The green and yellow cranes are a familiar sight in Zuidas, where Dura Vermeer has some well-known development and construction projects to its name. The company developed and built Symphony and the Stibbe and Akzo Nobel offices, and was part of the consortia behind NoMA House and the Atrium. ‘Right now’, says Marijke, ‘we’re fully focused on broadening our knowledge to be able to build the buildings of the future. With Zuidas being such a densely built-up area, it’s crucial to think about the quality of the living and working environment. This knowledge is vital and helps us stand out as a developer and builder. Aside from development, direct investments in technology are another key component’.
Commitment to Zuidas
One thing is certain: Dura Vermeer continues to evolve. Working with the Rijksvastgoedbedrijf and its partner Heijmans, they were able to deliver the EMA building, with a floor area of 39,000 m2, in 18 months. ‘The design and build project wasn’t done using traditional methods’, Rutger explains. ‘We had several working shifts a day and the achievement of our team was realy unheard of in the Netherlands, but we’re tremendously proud of the result and the cooperation.’ With the many iconic projects Dura Vermeer has worked on in Zuidas, it’s familiar territory for Rutger and Marijke, and they’re keeping their eyes peeled for future projects – such as the one in the Ravel subdistrict. ‘OBA Next could be a really interesting project for us as well. The tender has been heavily delayed, but we’ll jump at the chance as soon as it comes on the market. Besides that, we are focusing on building with wood as the main construction material. We would love to develop a wood tower like what NSI presented recently’, Rutger says eagerly.
The Good Life label
For new projects, Dura Vermeer has launched its own health and sustainability label. By taking a healthy living environment as its starting point, the label takes a different approach to the design phase. Marijke: ‘It’s a concept premised on thinking about the surrounding area, the building, behaviours and the people. The question is: How do you create a healthy built climate at each of these four different levels? To give an example, a design where users walk right into the lift, as opposed to one with a prominent staircase to encourage physical activity.’ In Haarlem, Dura Vermeer is converting the former Fluor office complex into apartments (Elements). There, considerations included creating a safe environment and adding value for residents in the form of green roofs to collect rainwater. Also, ‘Instead of building underground parking, we opted for a mobility hub based on a vehicle sharing concept. For us as a real estate developer, it’s important to participate in facets that go beyond construction. That’s why Dura Vermeer decided to operate this mobility hub itself for the first five years to see how that will work out.’

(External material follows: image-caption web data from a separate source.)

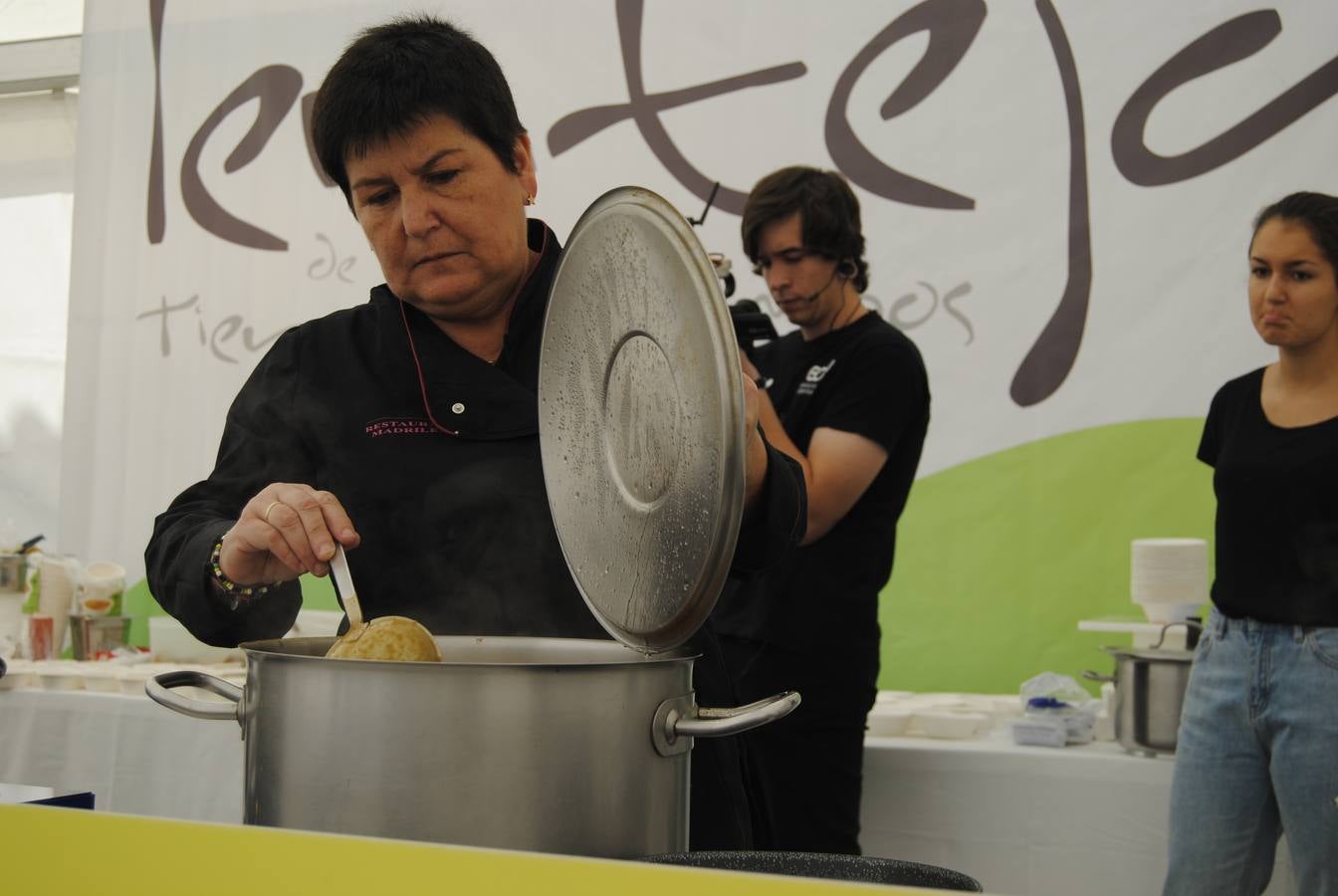 En la feria hubo una degustación popular de lentejas
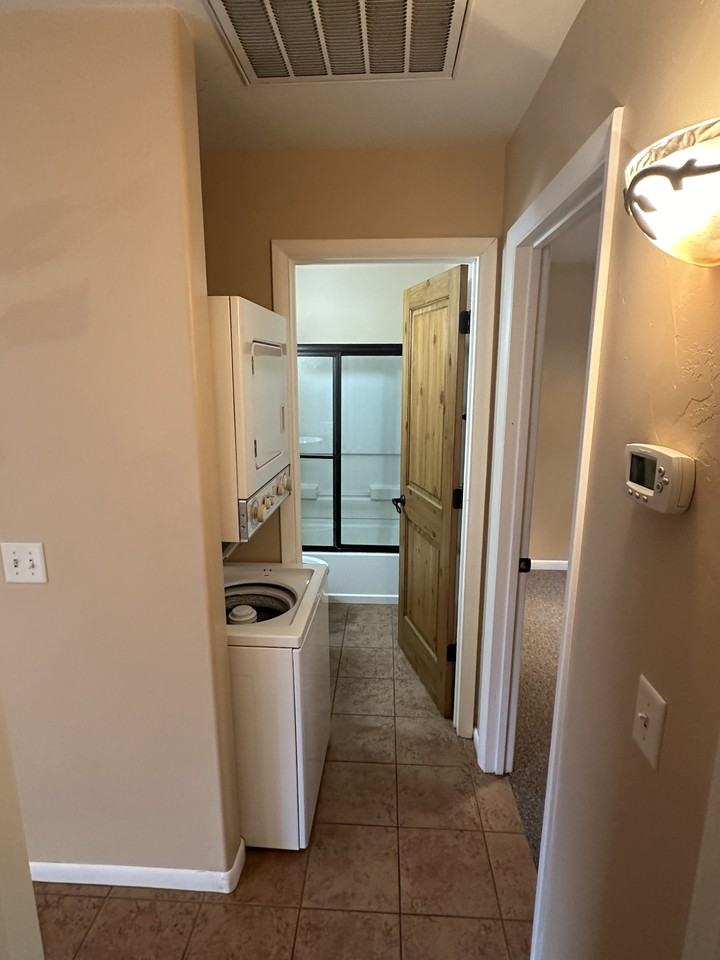 208 East 200 South #1 - Photo 6 of 16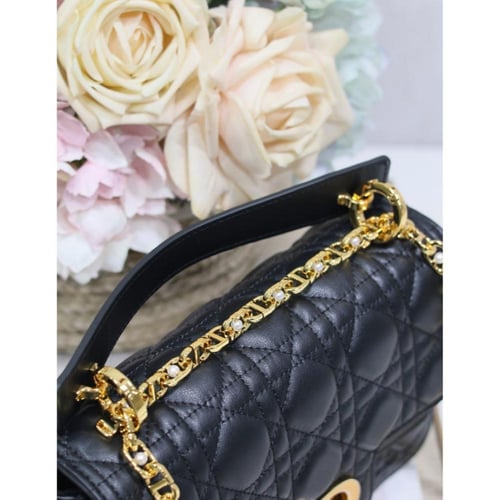 ديور Jolie مقاس 22 سم.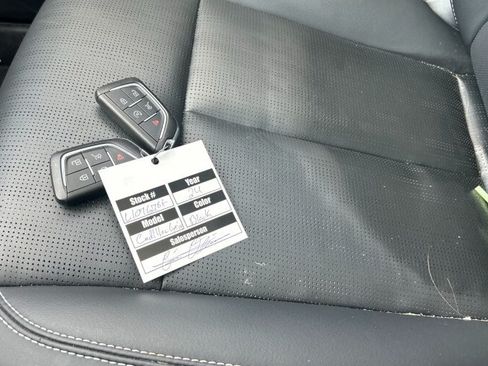 Used 2024 Cadillac Lyriq Luxury RWD image 14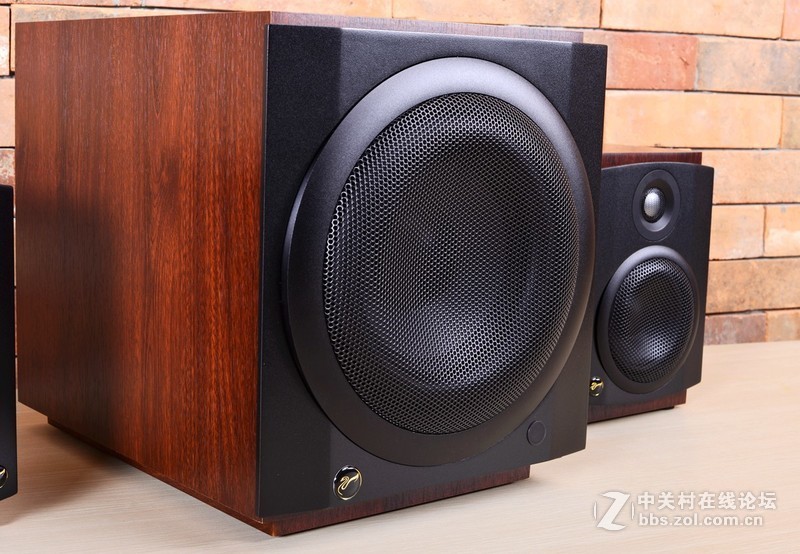 从HiFi玩到网络，入手无所不能的惠威M80W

A whole host of developments are shifting the focus from B2B to B2C at Dura Vermeer. This is consistent with the growing emphasis on a building’s broader contribution to its environment in terms of green space, social sustainability as well as connecting with the community and people. ‘Dura Vermeer believes technology is a must for development, and brings both the commercial and the technical side to the drawing board to come up with a good design.’ Concluding, Rutger notes, ‘Dura Vermeer is always open to new ideas and discussion. So please do not hesitate to contact me or Marijke!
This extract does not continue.